= What needs to be done =
Exactly the lines from the one containing "Raw Flowers 9 - Framed Print" through the final line of the data are to be written out again, with nothing added.

Brief descriptive captions
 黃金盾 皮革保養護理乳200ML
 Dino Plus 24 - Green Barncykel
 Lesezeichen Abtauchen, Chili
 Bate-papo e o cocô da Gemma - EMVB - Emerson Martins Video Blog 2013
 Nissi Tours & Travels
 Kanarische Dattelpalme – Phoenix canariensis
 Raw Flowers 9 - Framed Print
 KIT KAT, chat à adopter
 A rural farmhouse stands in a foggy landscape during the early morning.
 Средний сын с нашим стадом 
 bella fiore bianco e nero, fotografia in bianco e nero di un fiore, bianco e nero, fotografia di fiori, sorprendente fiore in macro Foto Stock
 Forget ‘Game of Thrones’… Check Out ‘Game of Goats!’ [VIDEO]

= Worked solution =
 Raw Flowers 9 - Framed Print
 KIT KAT, chat à adopter
 A rural farmhouse stands in a foggy landscape during the early morning.
 Средний сын с нашим стадом 
 bella fiore bianco e nero, fotografia in bianco e nero di un fiore, bianco e nero, fotografia di fiori, sorprendente fiore in macro Foto Stock
 Forget ‘Game of Thrones’… Check Out ‘Game of Goats!’ [VIDEO]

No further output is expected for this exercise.